Scalding is a Scala library. Scalding is easy to work with and reason about the data in distributed systems like Hadoop.
It presents the data as a collection and allows to perform the computation on data in a matter that is similar to Scala API, so it appears
to the developer that the data is a collection and performs simple operations like filter and map. Map and Reduce that used in Hadoop stems from functional
programming and has a natural fit for Scalding (based on Scala – functional programming language).
Scala is easier to read than Java and it is also much more compact and addresses business logic in a straightforward way.

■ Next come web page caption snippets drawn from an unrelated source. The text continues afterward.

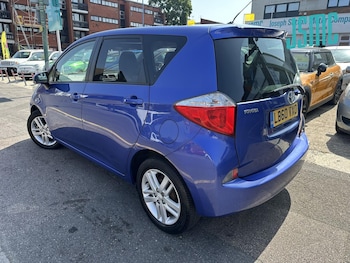 Used Toyota Verso 2011 for sale - 75567371: Photo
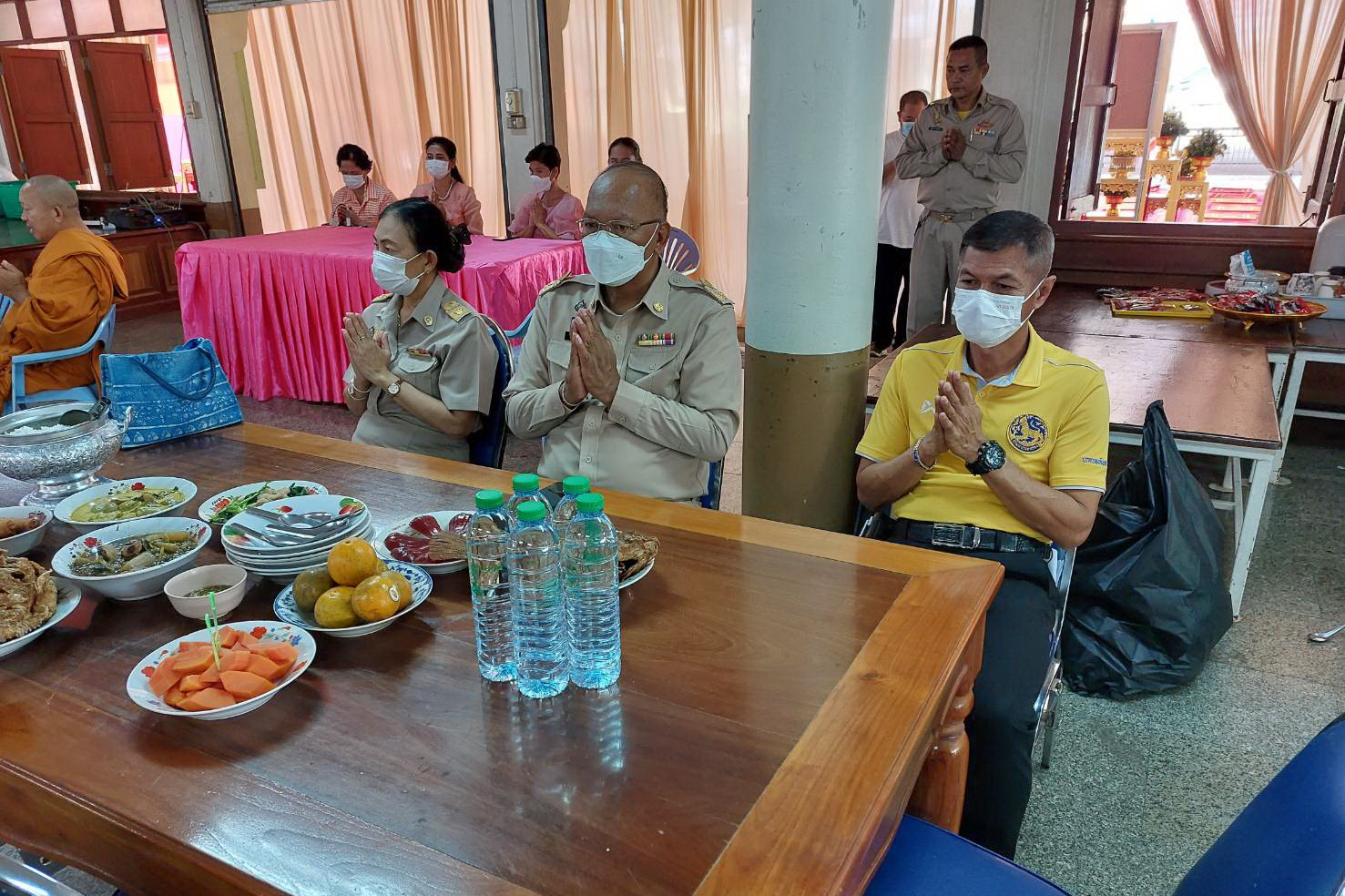 พช.ปทุมธานี “เป็นเจ้าภาพถวายภัตตาหารเพลและน้ำปานะแด่พระภิกษุสงฆ์ โครงการบรรพชาอุปสมบท ๙๙ รูป เพื่อถวายพระพรชัยมงคลแด่สมเด็จพระเจ้าลูกเธอ เจ้าฟ้าพัชรกิติยาภา นเรนทิราเทพยวดี กรมหลวงราชสาริณีสิริพัชร มหาวัชรราชธิดา”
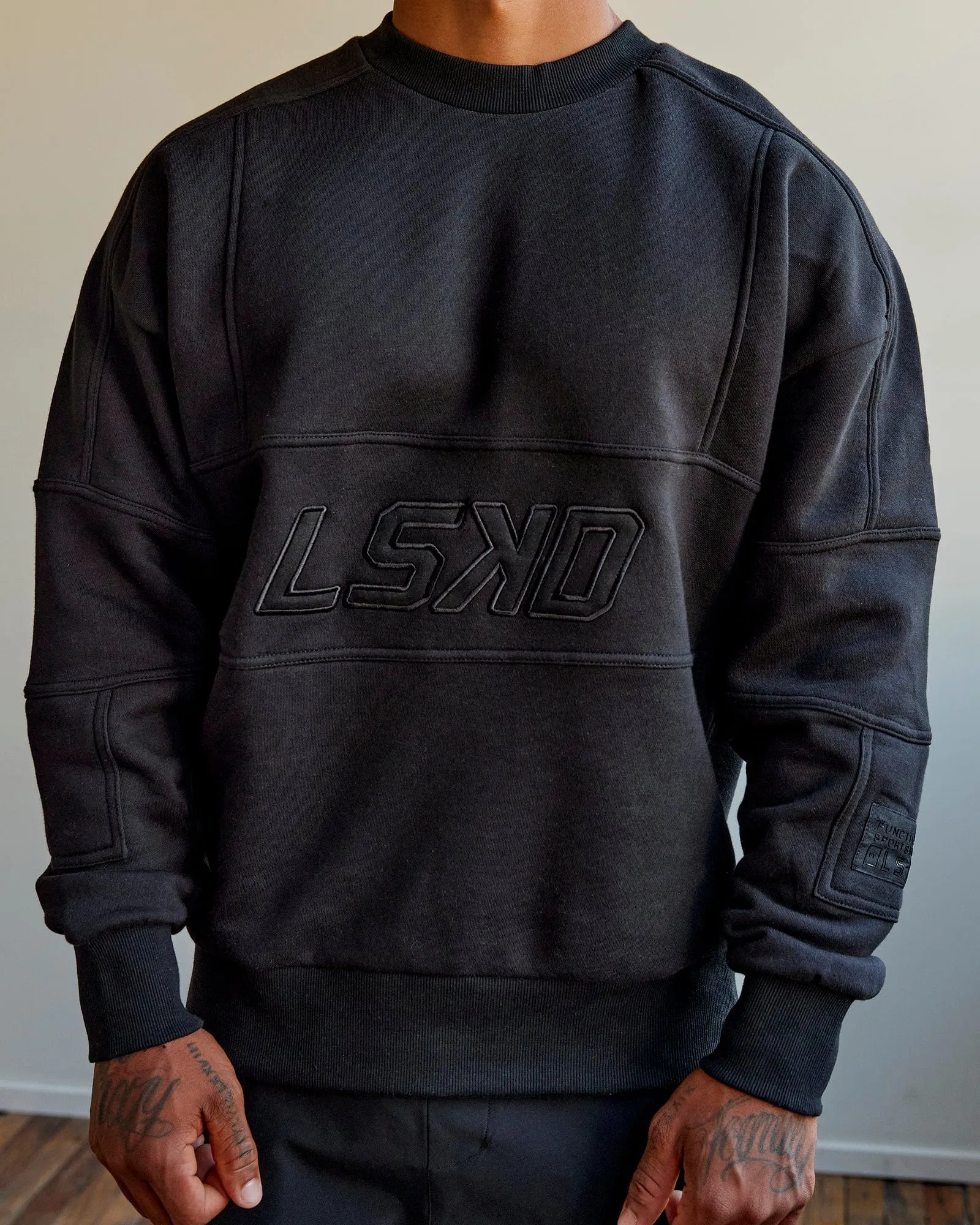 【送料&関税込】CourrA¨ges Black Cotton Blend Sweater Courrèges logo-patch Cotton Sweatshirt | Black | FARFETCH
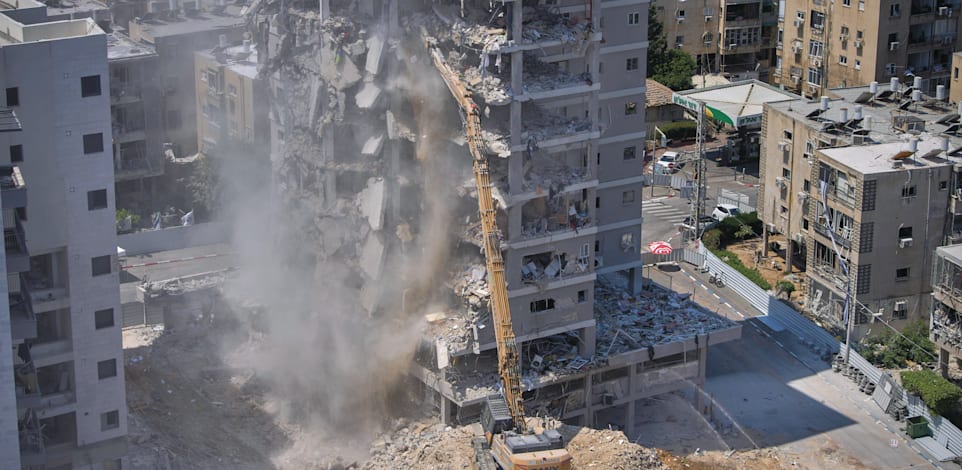 בניין בבת ים שספג פגיעה ישירה מטיל איראני / צילום: ap, Ohad Zwigenberg
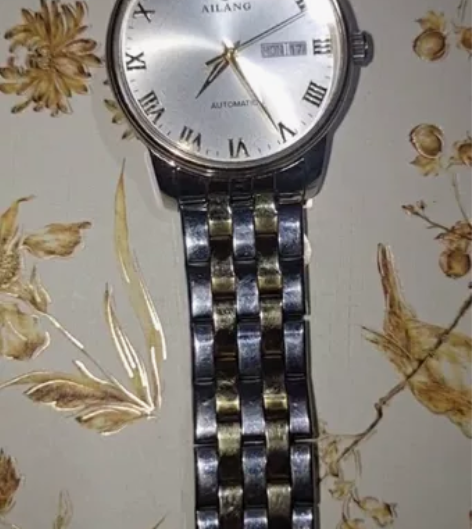 艾浪手表男款机械表,全好正常使用,成色如图...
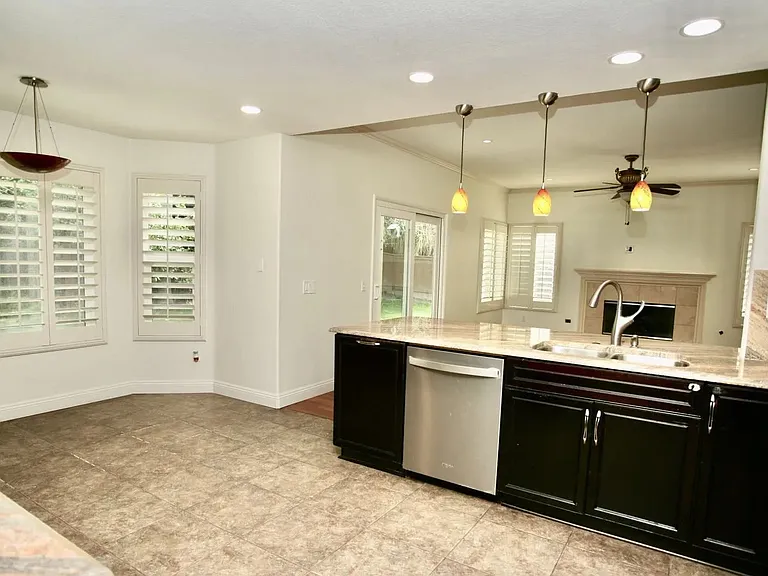 1251 Village View Rd — Photo 9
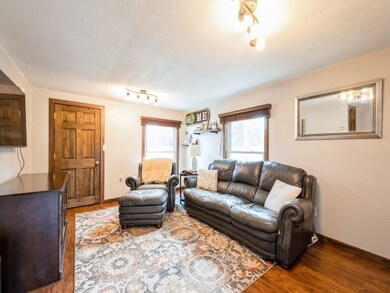 832 Grubbs St, Center Point, IA 52213 - photo 4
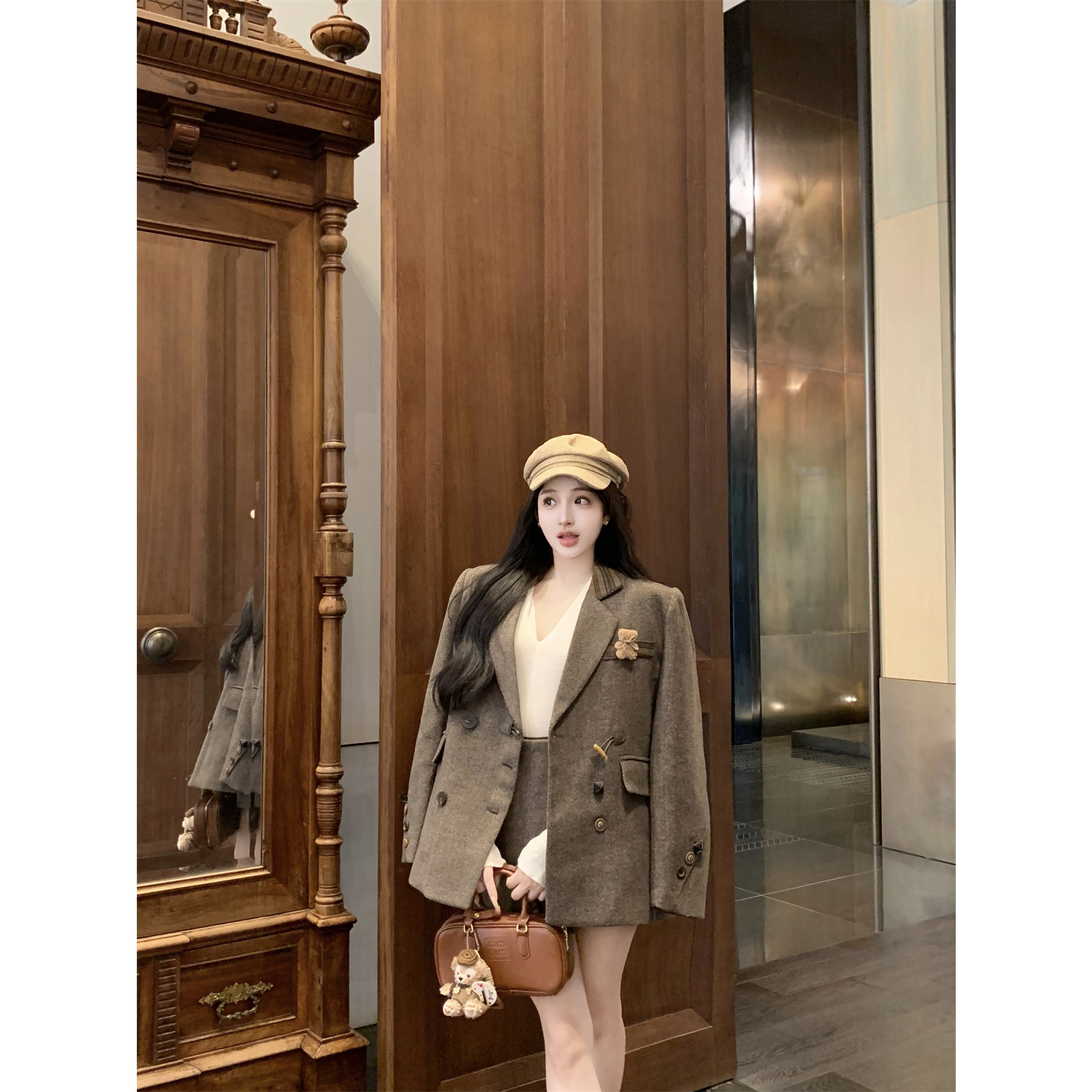 休闲咖色气质学院设计感套装女夹棉呢西装外套超好看的减龄半身裙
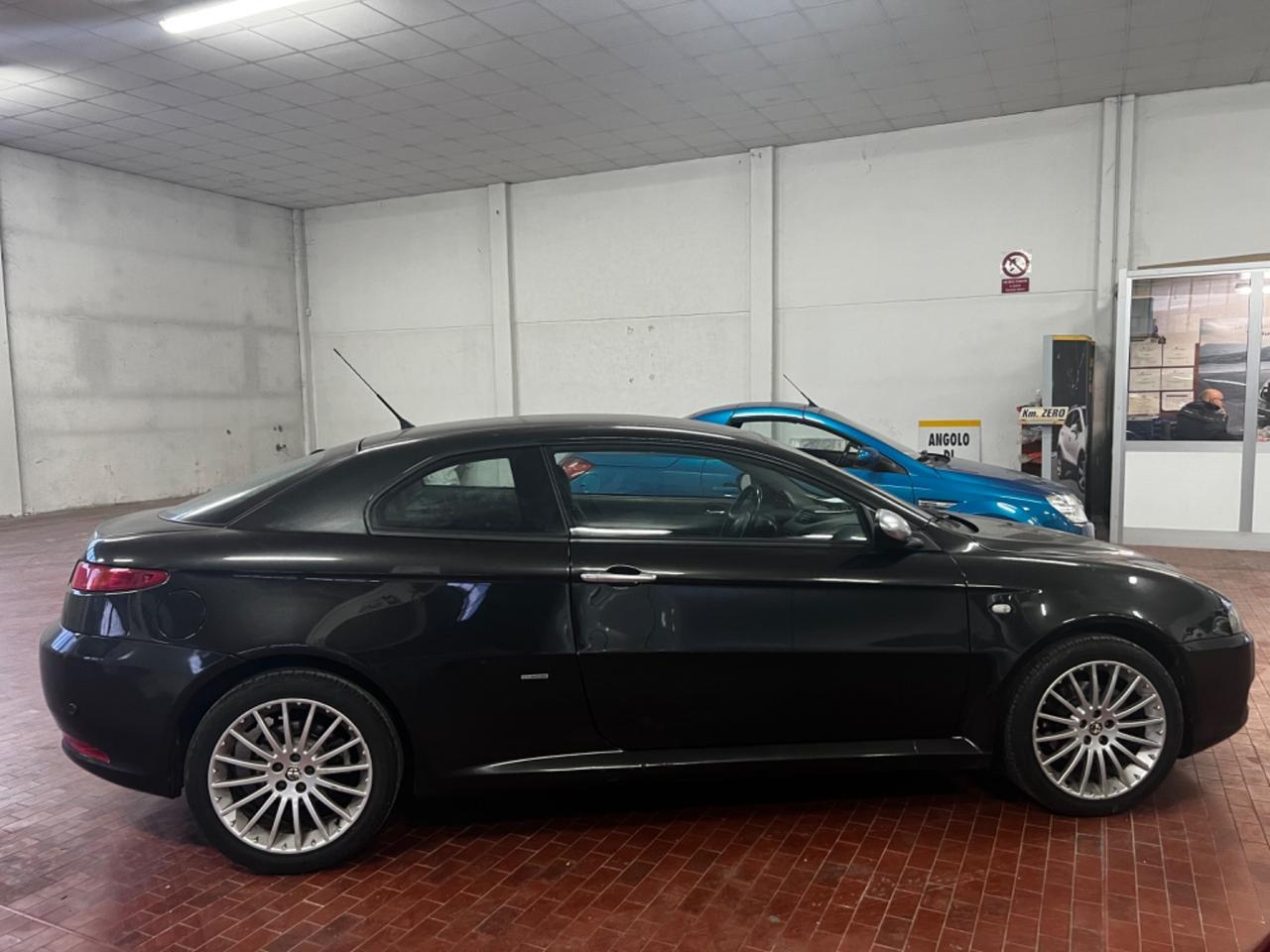 Alfa Romeo GT 1.9 JTDM 16V Distinctive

Scalding is built on top of Cascading – an abstraction layer for Hadoop, written in Java.
The advantage of utilizing Scalding is that it hides the complexity that Hadoop and Map Reduce presents.
Scalding operate by allowing you to think of your data as flow in the series of pipes.
Scalding is better than Pig. Pig is very good at solving simple, quick tasks.
However, it needs to utilize other programming languages to solve complex tasks building UDFs, also hard to unit test.
Scalding API comes with 3 APIs:
Fields API
Typed API – that promotes the type safety
Matrix API – that deals with matrix operations like matrix multiplication.
Scala collections are in memory on the single host. Although Scalding is utilizing Scala and Cascading to operate
on collections of data, distributed on a number of commodity servers, however, it gives you the feeling of normal in-memory collection you are operating on.
If you’ve seen Spark’s RDD (resilient distributed datasets) – then it’s a very similar concept here.